One of my favorite things about the OG Swaylocks was the build threads. All of the questions and answers were good as well, but sometimes just seeing the process makes everything crystallize. So I’m going to do a basic build through on this hollow wood surfboard (HWS). My HWS is built in a different order and style than all of the other boards that are out there, and that is the main reason for this build thread, so others can see, evaluate, critique and adapt or improve upon it. Personally, I much prefer this style for working on one-off designs and inside of a smaller space.
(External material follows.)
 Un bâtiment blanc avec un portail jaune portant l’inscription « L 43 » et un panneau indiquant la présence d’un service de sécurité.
First, here’s the finished board. It is 7’9” by 21-3/4” with a volume of 54 liters. It weighs 17 pounds exactly. All of the skins and rails are solid western red cedar (1/4" thick), and the interior skeleton is quarter inch Baltic Birch plywood. Titebond III for adhesive. It is glassed on the exterior only with 4 oz. Hexcel, and double lapped rails. Resin is Entropy CLR with CLS hardener. Vent is a 10/24 stainless nut embedded into the deck, the leash loop is fiberglassed on, and fin boxes are Futures.
The Chinook salmon design was bought from my friend Jonny Williams, and I used a projector to sketch it onto the wood and paint on with Posca pens under the glass. Traditional Pacific northwest art goes so well with the red cedar, and I love it. Jonny does sell designs, and if you want to get in contact with him just PM me on here.
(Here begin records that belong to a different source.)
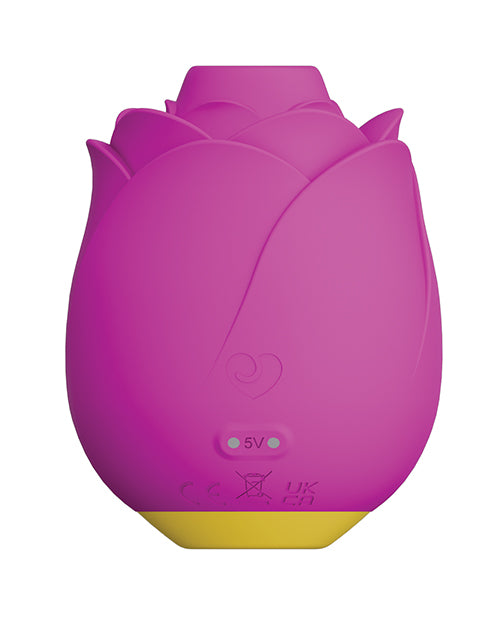 Backside of the ROMP Rose. There are two magnetic charging prongs near the bottom of the vibrator where the magnetic charger attaches to the toy. | Kinkly Shop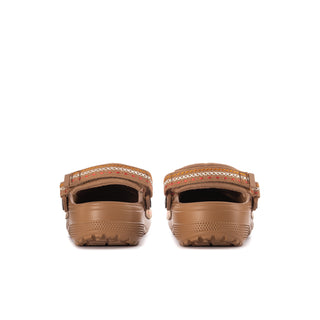 Sepia suede clogs with rear heel openings and textured platform outsole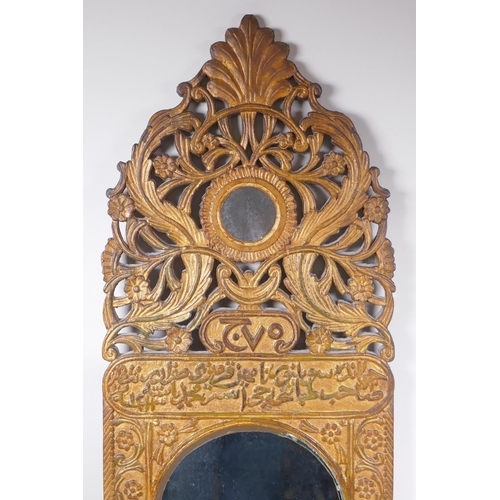 1061 - An Ottoman carved giltwood wall mirror with Islamic script and Hijri date decoration, 37 x 84cm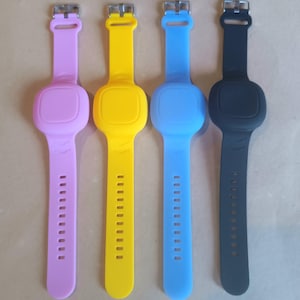 Può includere: Quattro braccialetti in silicone con dispenser di disinfettante per le mani integrati. I braccialetti sono rosa, giallo, blu e nero.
My method is that I keep my rib designs attached to a wooden reference base on a sprue that gives them the correct height for the rocker, as well as has a cradle for the reverse rocker. And most importantly, each rib also has a little support that extends out underneath the rail section that allows me to lay the rails up along the proper curve without a rocker table.
Each of these ribs is attached along a strong back like building a canoe, and the whole board is built on that assembly. You can see my order of operations in the pictures. I start with the rails, then plane those tangentially to the deck run out, and then glue the deck onto it. Once that is all hard, I cut these sprues to release the board, flip it and grind down all the sprues, and then place the board into the reverse rocker cradle that is created. Then I can glue up my bottom, and do my final shaping on the rails.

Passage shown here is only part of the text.